Celebrating Gaelic culture

Findmypast is working in partnership with IrishCentral to share fascinating insights into your Irish ancestors. Click here to get a special half price subscription, and discover your Irish roots today!

It’s no secret that those of us with Irish heritage are extremely proud of our past. The people of Ireland once felt a little disconnected from their roots, but thanks to the Gaelic Revival in Ireland and America, all things Irish have experienced a significant resurgence.

And it’s a great thing, but it’s up to us to continue in the tradition. Take a look at these five ways to celebrate Irish culture, and help pass down the best parts of your heritage to upcoming generations.

Listen to Irish music

Photocall Ireland

Photocall Ireland

The instruments used in classic Irish music—harps, flutes, horns and more—have created a distinct genre of music that is instantly recognizable. Whether sung in English or as Gaeilge, Irish music can be upbeat and celebratory, as well as melancholic and beautiful.

Fordham University’s WFUV broadcasts a weekly Irish music show, Ceol na nGael (“Music of the Irish”) every Sunday afternoon. The show features a wide variety of Irish music, from various periods throughout Irish history. The show also features Irish community news, Irish sports, and news reports from Dublin.

Play Irish sports

Two classic Irish sports—Gaelic Football and Hurling—were spread during the Gaelic Revival thanks to the Gaelic Athletic Association (GAA). Both are still played throughout all of Ireland, and can be very exciting to watch. Make sure to check out these Gaelic Football and Hurling highlights via YouTube!

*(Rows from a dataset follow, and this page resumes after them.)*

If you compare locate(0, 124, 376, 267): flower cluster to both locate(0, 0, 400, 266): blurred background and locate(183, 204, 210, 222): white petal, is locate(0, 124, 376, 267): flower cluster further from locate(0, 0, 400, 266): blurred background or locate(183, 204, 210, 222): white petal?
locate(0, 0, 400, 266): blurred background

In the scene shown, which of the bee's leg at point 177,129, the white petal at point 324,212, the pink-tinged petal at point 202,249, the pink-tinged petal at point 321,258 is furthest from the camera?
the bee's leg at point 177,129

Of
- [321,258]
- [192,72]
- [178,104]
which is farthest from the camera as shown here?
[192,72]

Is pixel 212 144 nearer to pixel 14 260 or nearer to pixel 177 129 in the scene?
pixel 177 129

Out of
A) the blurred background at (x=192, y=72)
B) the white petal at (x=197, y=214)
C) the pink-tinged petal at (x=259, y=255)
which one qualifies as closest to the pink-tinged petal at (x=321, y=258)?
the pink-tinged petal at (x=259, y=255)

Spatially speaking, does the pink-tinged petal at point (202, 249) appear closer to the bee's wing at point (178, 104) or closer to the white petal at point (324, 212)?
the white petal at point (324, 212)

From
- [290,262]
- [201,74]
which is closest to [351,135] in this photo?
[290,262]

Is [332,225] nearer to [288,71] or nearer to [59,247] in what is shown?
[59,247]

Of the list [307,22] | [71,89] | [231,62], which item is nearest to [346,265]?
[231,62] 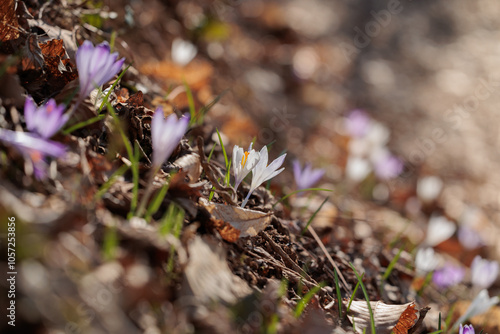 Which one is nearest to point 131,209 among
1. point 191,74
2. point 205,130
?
point 205,130

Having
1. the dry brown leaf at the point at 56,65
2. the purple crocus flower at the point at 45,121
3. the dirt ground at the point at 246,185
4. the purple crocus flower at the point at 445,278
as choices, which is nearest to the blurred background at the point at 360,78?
the dirt ground at the point at 246,185

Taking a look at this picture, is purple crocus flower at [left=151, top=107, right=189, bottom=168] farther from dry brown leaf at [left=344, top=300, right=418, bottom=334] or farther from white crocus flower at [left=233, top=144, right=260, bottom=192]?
dry brown leaf at [left=344, top=300, right=418, bottom=334]

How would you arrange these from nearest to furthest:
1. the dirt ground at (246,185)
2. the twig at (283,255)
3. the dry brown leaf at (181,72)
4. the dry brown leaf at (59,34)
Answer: the dirt ground at (246,185), the twig at (283,255), the dry brown leaf at (59,34), the dry brown leaf at (181,72)

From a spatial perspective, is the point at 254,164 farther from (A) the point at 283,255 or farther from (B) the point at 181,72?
(B) the point at 181,72

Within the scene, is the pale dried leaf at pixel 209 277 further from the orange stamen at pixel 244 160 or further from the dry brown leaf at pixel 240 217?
the orange stamen at pixel 244 160

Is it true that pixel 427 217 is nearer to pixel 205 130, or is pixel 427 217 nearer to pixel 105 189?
pixel 205 130

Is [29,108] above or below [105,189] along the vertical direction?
above
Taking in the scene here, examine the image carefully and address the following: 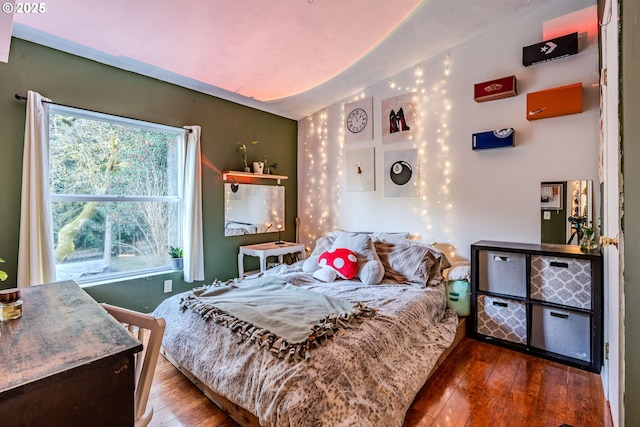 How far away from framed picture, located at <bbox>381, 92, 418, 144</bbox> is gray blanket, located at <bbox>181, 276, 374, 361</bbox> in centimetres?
210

But you don’t just need to be in Ireland to play! There are many GAA clubs in America—New York, Boston, Chicago and Philadelphia all have vibrant Irish sports scenes. There are even organizations as far west as California and as far north as Washington state.

Learn Irish

The old Irish alphabet.

The old Irish alphabet.

Learning Irish can be a really cool way to get in touch with your roots. And once you do, you’ll be surprised how many places you find an Irish word or phrase. There were also many great novels, short stories and poetry published in Irish during the Gaelic Revival—plus, who wouldn’t be impressed if you could belt out a few tunes in the Irish language?

Look into your local community to see if there are any clubs or organizations that can help you learn. If not, the internet is wonderful place—many sources are available with a quick Google search.

Research your Irish ancestors

This one is obvious—if you don’t know anything about your Irish ancestors, you don’t know anything about your roots! Irish immigrants actually have a very diverse set of stories, so make sure you look into the first generation if your family immigrated to the United States.

But whether your family came to America during the Potato Famine, the Gaelic Revival, or never even left Ireland, you absolutely must look through some Irish genealogy records to see traces of them in their home country. You will delve deeper into your generational history, and may even be able to discover some long-lost distant family connections.

Irish genealogy can be tricky though, so make sure you’re well briefed on how best to research your Irish ancestors.

Travel to Ireland

Getty images.

Getty images.

No matter where you’re from, there’s nothing like traveling back to the original country of your ancestors to experience it firsthand. Between friendly locals, breathtaking scenery and all the cultural immersion you’re looking for, there’s simply nothing like it.

And of course, if you’ve been tackling any of the previous four suggestions, you’ll have an even greater connection to this wonderful isle.